The problem with striped storage is that the component chunks of a logical block are scattered on many different machines, which means that there is almost no data locality even if a copy of the block is decoded in advance.
The advantage of contiguous storage is that you can have data locality if you decode a single replica. That replica will exist on a single physical drive, and the tasks can be assigned accordingly.
The first release of Hadoop EC will use striped storage for EC-encoded files. Subsequent releases will offer contiguous storage as well.
- High levels of availability.
- Reduced storage volume.
- Encoding and decoding are computationally expensive.
- Encoded data cannot be read without moving all or most of it over the network.
- Local reads of encoded data are impossible
- Involving the network in every block can cause a bottleneck even in fairly small computations.
- Recovery from failure is more complex, takes longer and uses a lot of network bandwidth.
- EC requires significant support within the NameNode and elsewhere.
How EC Will be Used
EC’s guaranteed of high availability is unquestionably a huge advantage.
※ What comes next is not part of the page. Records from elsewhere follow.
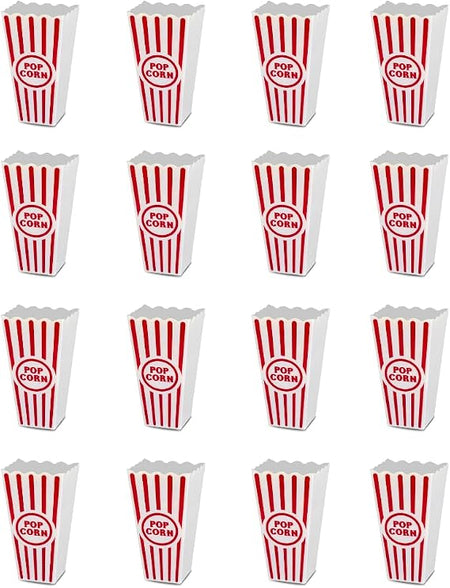 Sixteen Wownic small reusable popcorn containers arranged as a complete set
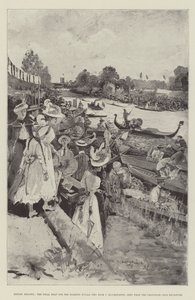 Henley Regatta, Final Heat for the Diamond Sculls (Ten Eyck vs Blackstaffe), při pohledu z prostoru Grosvenor Club Enclosure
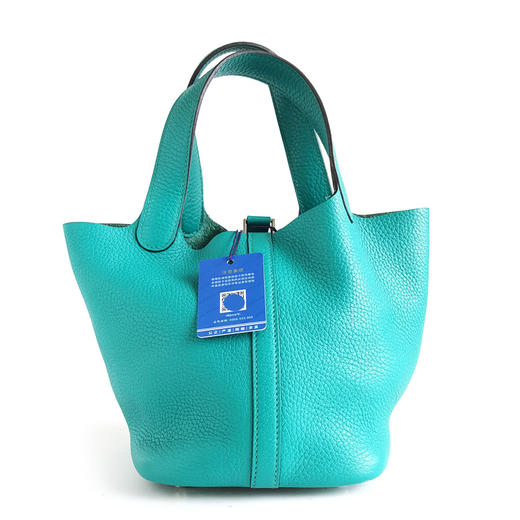 【95新】Hermes爱马仕孔雀绿银扣菜篮子Picotin 18手提包女士240126NJS06 商品图6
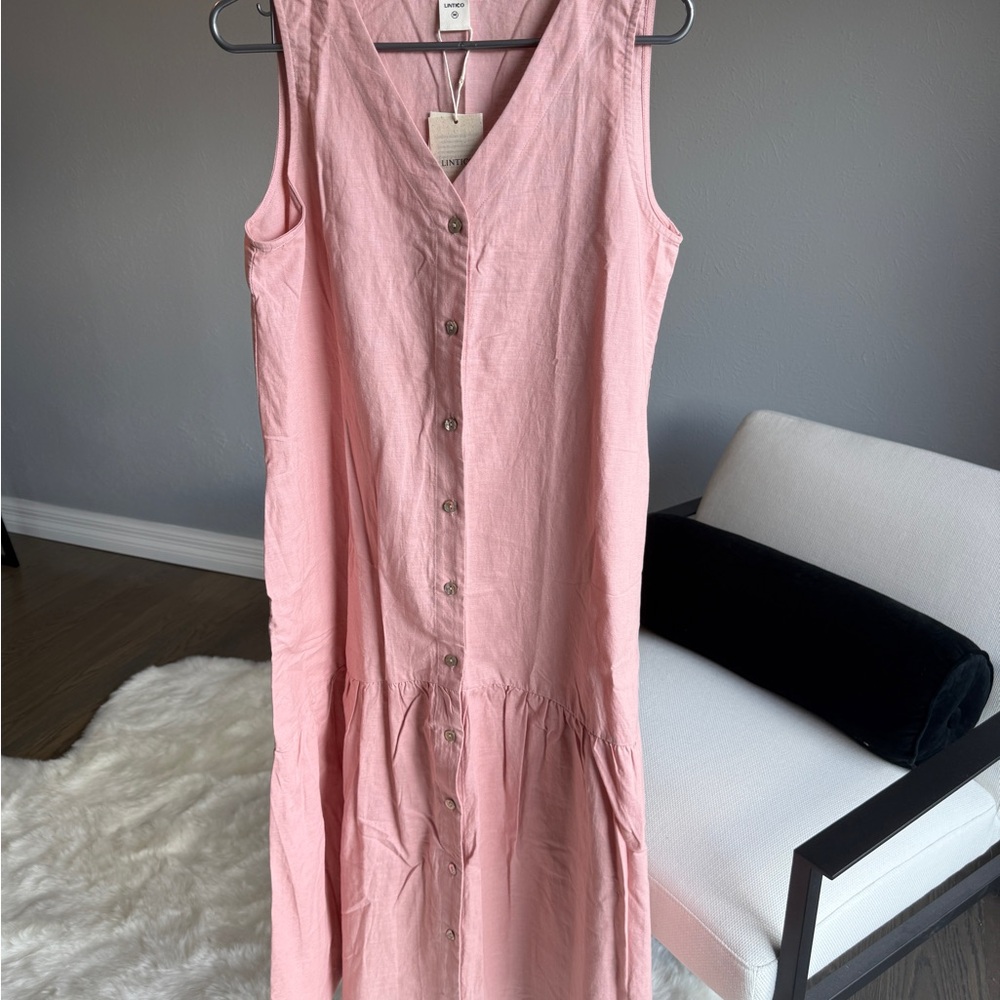 Lintico Shop “Celine” Linen Vacation Dress V Neck Mid Length Size M Pink NWT - Picture 3 of 5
Data can be stored with extremely high guarantees against loss at relatively low cost in storage space.
The question of how much space is saved is trickier. High availability depends upon the data being distributed on many machines, which would quickly become a bottleneck for large scale processing.
For this reason, the EC is primarily intended for archival storage, i.e., data that will relatively seldom be accessed. It’s worth noting that in most environments, the great majority of stored data is archival, or, at least cool, after a year or two. In fact, in many environments, a large proportion of data is literally never accessed for much of its lifetime because it is stored primarily because of regulatory requirements.
The design assumes that hot data will be kept with conventional HDFS triple replication and would migrate to EC encoding as it cools. For warm data, it may be economical to keep a single un-encoded copy plus an EC-encoded copy for availability. The space saving for warm data would be significantly lower than for cold data, but it would have a higher guarantee against loss. Moreover, if contiguous storage is used, the unencoded replica could be processed locally.
The design also provides that if such a replica is missing for any reason, it will be automatically reconstituted from the EC version. The data consumer will not have to wait for the entire logical block to be decoded; data will be available processing immediately as the first bytes are decoded.
Encoding of HDFS data will be done both online and offline. It will be possible to add data subject to immediate encoding, or to add to be stored under conventional replication, and encoded later when/if designated conditions are met. Encoding of blocks is primarily controlled by policy, much as tiered storage is currently handled.
Bottom line: It is important to realize that while EC requires only about 1.5X the raw data size to achieve high availability (which is great) the greatest benefits are for data that is cold-archived, with no decoded replica available. For data that is not ice-cold, you will usually want a decoded replica as well, which reduces the space savings for warm data to about 2.5 times the raw size, albeit with a higher degree of availability.
One feature which is not in the design, but which can be expected, is that if temporary unencoded versions of contiguous blocks are prepared, they would be cached in unused disk space for a limited amount of time to take advantage of temporal locality of reference.
The implementation takes advantage of Intel’s Intelligent Storage Acceleration Library (ISA-L) which is a set of routines that optimize many low-level operations relating to compression, cryptography, hashing, data integrity and data protection, and can greatly accelerate EC. The manufacturers claim a 10X speedup—in practice, a factor for four or five seems to be more like it.